Now Howard is the hero while Bryant recovers, assuming of course, the Lakers don't exercise the amnesty clause on him. He's due slightly more than $30 million next season, which is an obscene amount for a 35-year-old returning from a major leg injury.
It could be a P.R. nightmare for the Lakers to jettison the fourth-leading scorer in NBA history, but it could make all the sense in the world business wise.
That's a darkish silver when coloring your linings.
This horrible injury also helps D'Antoni in a way. After the Lakers canned Mike Brown five games into the season, D'Antoni was given a four-year contract. The team has not exactly flourished under him, so the possibility may have existed that another coaching change could've been made (there has really been no scuttlebutt about that other than pure speculation).
D'Antoni can feel safe knowing a setback like Bryant's probably won't cost him his job.
And this sort of calamity could work as a rallying cry, not for the playoffs, but for next season. If Bryant was serious about retiring after next season, then what better cause is out there than winning one more for Kobe.
Bryant could see what Howard was able to do in his absence, take a smaller role and ride off into the sunset as one of the five best ever. He also could do it, knowing the only organization he's ever called home, is set up for the future with Howard.
Bryant has spent the whole season trying to reinforce in Howard that this will one day be Howard's franchise. Horrible to say, but Bryant's injury may have become the one act that finally drove that point home.
The lining isn't exactly sterling silver, but from pain could come pleasure.

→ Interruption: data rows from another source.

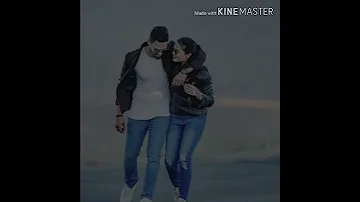 نور الزين ونصرت البدر اوعدني ماتروح البشر غيري من تصميمي 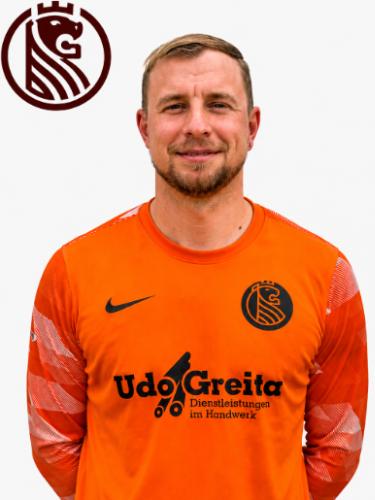 Sebastian Hankeln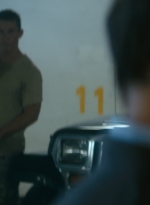 ftwd106_1701.jpg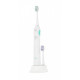 Sonic Toothbrush SONIC PRO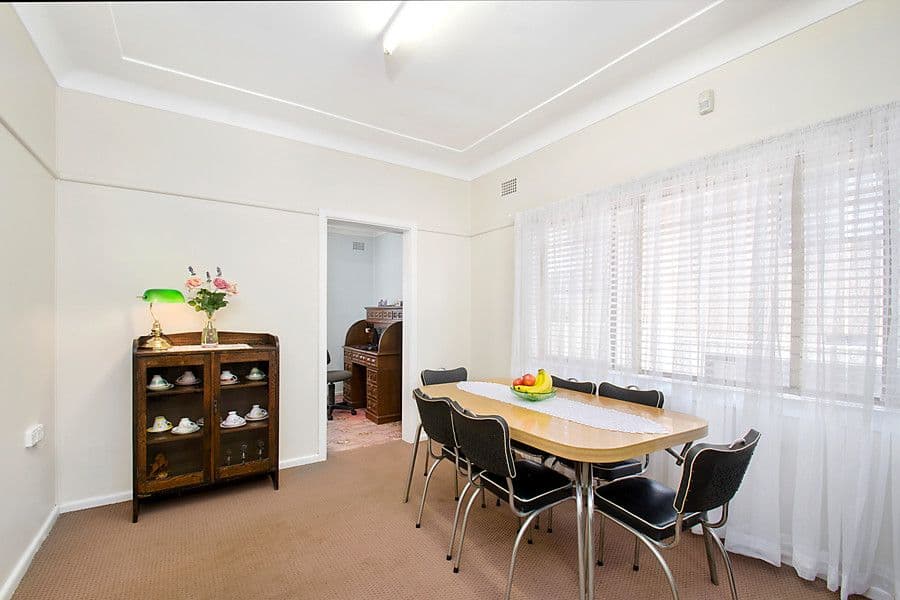 8 Berryman Street, North Ryde NSW 2113, North Ryde - Thumbnail 4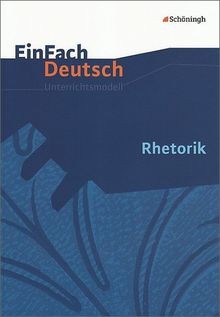 Einfach deutsch - einfach,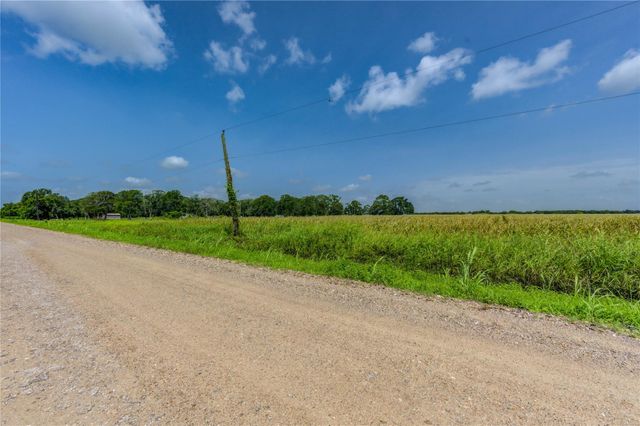 0 Cr 142, Wharton, TX 77488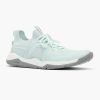 Women's Kiata Drift Sneaker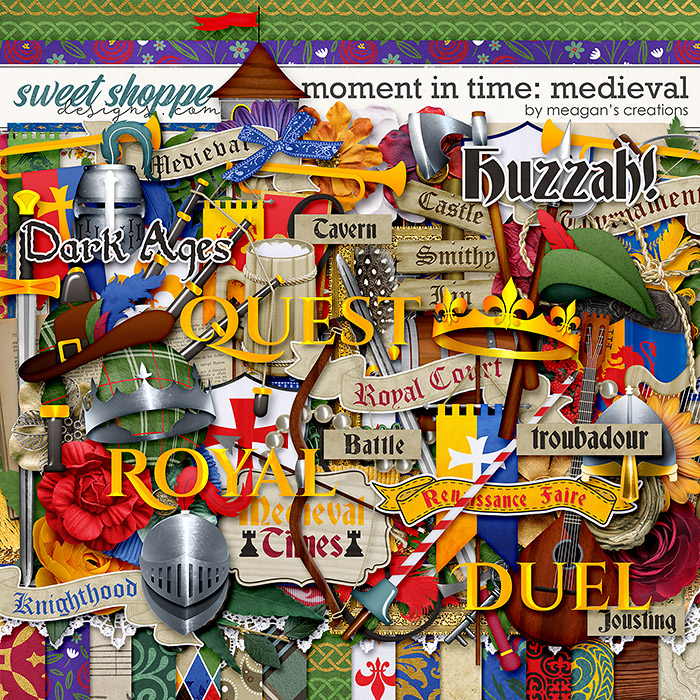mcreations-mit-medieval-700PXkitpreview.jpg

- No one was shocked when Yahoo Sports broke a story that Doug Collins told Philadelphia 76ers ownership he won't return as head coach next season. History has said as much - Collins has never lasted longer than three seasons with one team. The outcome has been bungled a bit as Collins' agent said Sunday, hours before Yahoo's report, that Collins would come back as coach. No one pours more into his job than Collins and this season has been a disaster. Andrew Bynum didn't play a minute, Jason Richardson missed most of it and Collins has had a meltdown or two, so this decision shocks almost no one.

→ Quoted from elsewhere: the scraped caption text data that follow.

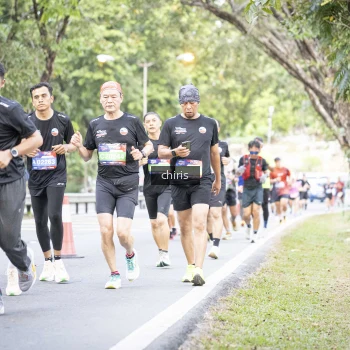 Runner Photo 3900520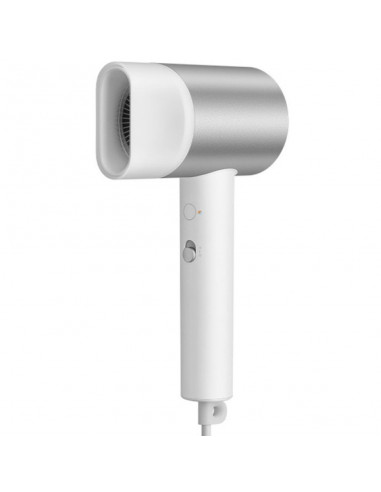 Фен Xiaomi Mi Ionic H300, 1600Вт, Белый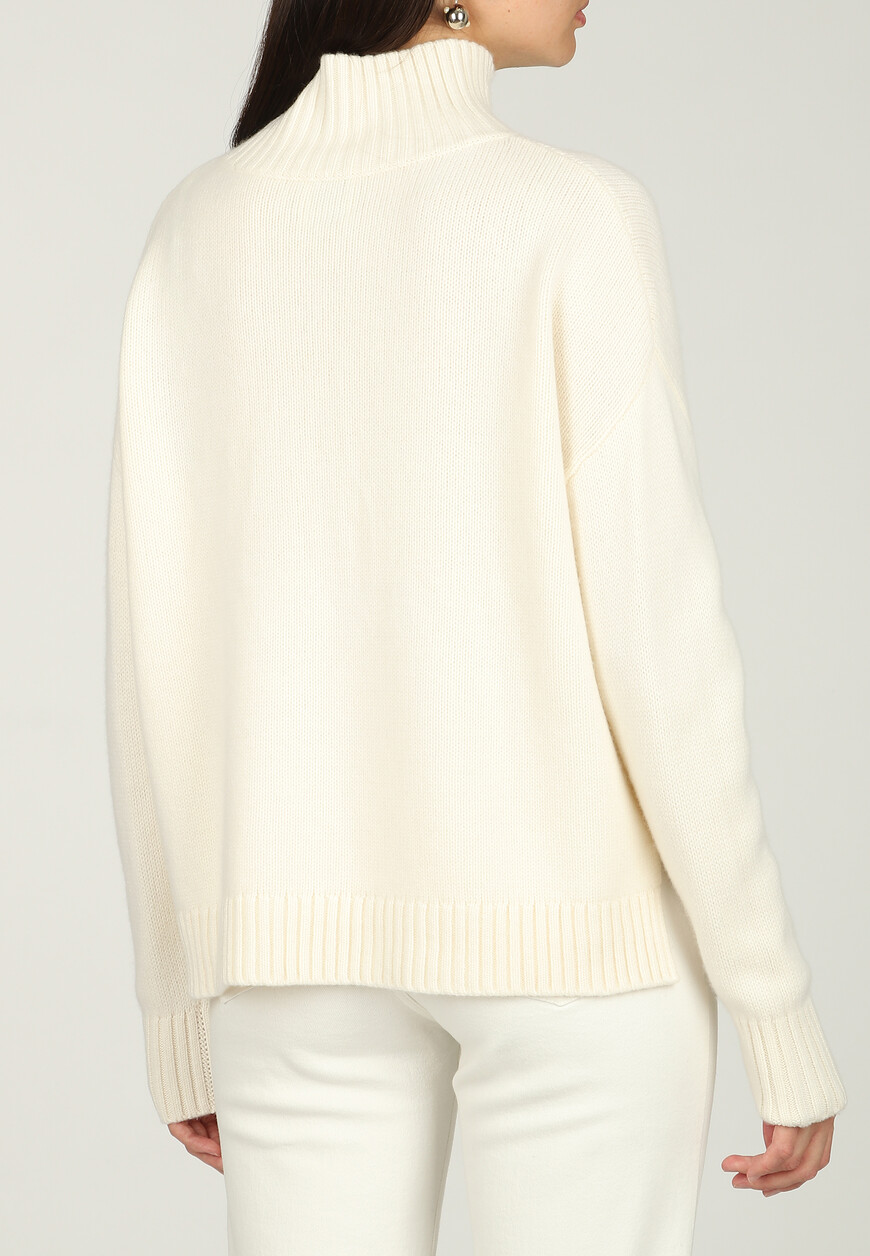 свитер  235/51011 купить с доставкой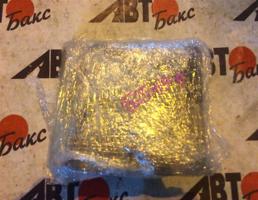 Радиатор отопителя для HONDA INSIGHT ZE2  запчасти бу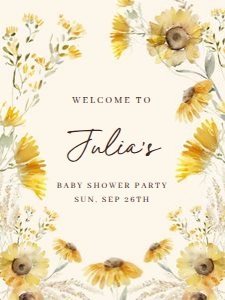 BS_Sunflower_001_Welcome Set design preview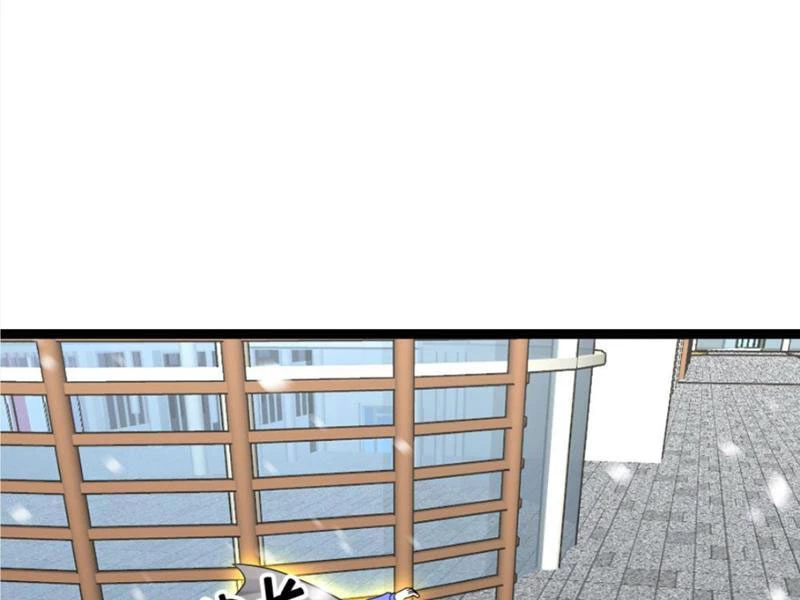 Toàn Cầu Băng Phong: Ta Chế Tạo Phòng An Toàn Tại Tận Thế Chapter 503 - Trang 4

- The Sixers will try to keep Collins in the fold somewhere. Losing him and Rod Thorn in the same season is a lot to overcome from a leadership standpoint. Collins' son Chris was just named head coach of Northwestern University, so if papa bear stays in the mix with the Sixers, he could still fly to all of Chris' home games. If he stays with the organization, I'd bet on Michael Curry as the next coach. If he doesn't, then a whole new search will commence and who knows what that will yield.
- Dirk Nowitzki became the 17th player in NBA history to score 25,000 points. I've always contended that Nowitzki is the most under-appreciated superstar, in any sport, of this generation. He's taken the Mavericks franchise, devoid of any other superstar, to an NBA title. Not many teams have had that happen.
- Awards column later in the week.
- Movie moment - When I have to look up who the person is hosting the MTV Movie Awards, I lose whatever mild interest I had very quickly.
- TV moment - The worst, most awkward shot in sports coverage is always at the very end of the Masters. They interview the winner in Butler Cabin, then do a video package with Jim Nantz narration, then throw it to the just the winner on camera, grinning like a simpleton with the four other people in the room clapping. It is so corny, it's almost tough to watch.